Nat snatched up her sword. “Fine,” she groaned. “Let’s get going.”
The party took off after her and headed along the riverbank for another mile until they arrived at a rickety rope bridge.
“That will have to do,” said Galanthre, shouting over the roar of the passing water.
“You ‘avin’ a giggle?” asked Cleaver.
The fraying ropes holding up the rotten boards of the catwalk looked as though they’d struggle to support the weight of a starving gnome, let alone a party of five.

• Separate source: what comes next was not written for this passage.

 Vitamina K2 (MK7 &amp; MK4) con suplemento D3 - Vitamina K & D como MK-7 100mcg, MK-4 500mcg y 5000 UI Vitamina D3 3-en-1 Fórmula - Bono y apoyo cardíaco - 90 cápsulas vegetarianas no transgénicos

She sucked in a breath and took the leap of faith, placing a foot on a splintered plank and shuffling along the precarious crossing, one foot in front of the other. Eathon went next, closely followed by Galanthre and Tidbit. Nat felt her legs tremble and tried not to look down, turning her head skywards to avoid the sight of the thundering rapids below. As she edged along, she noticed a weird blur appear above her, like a floater in her eye, but actually there.
“What is that?” she asked, pointing to the blur.
Eathon’s eyes widened. “Phanta ray!” he yelled, and shoved Nat aside, almost sending her into the drink.
Nat felt a rush of air as the blur took form, coalescing into a giant, flying manta ray. The creature—whose camouflaged underbelly had allowed it to swoop down on them almost unnoticed—appeared in a flash.
The ray slammed into Eathon, sending him over the side of the bridge and into the river, where he was immediately swept downstream by the current. Tidbit was shaken free by the impact also, and sunk into the water without a trace.
In a fraction of a second, it had all gone sideways.
As Nat and Galanthre attempted to recover from the disarray, the phanta ray climbed into the sky and circled around for another run.
“I told you we should have swam!” Nat yelled.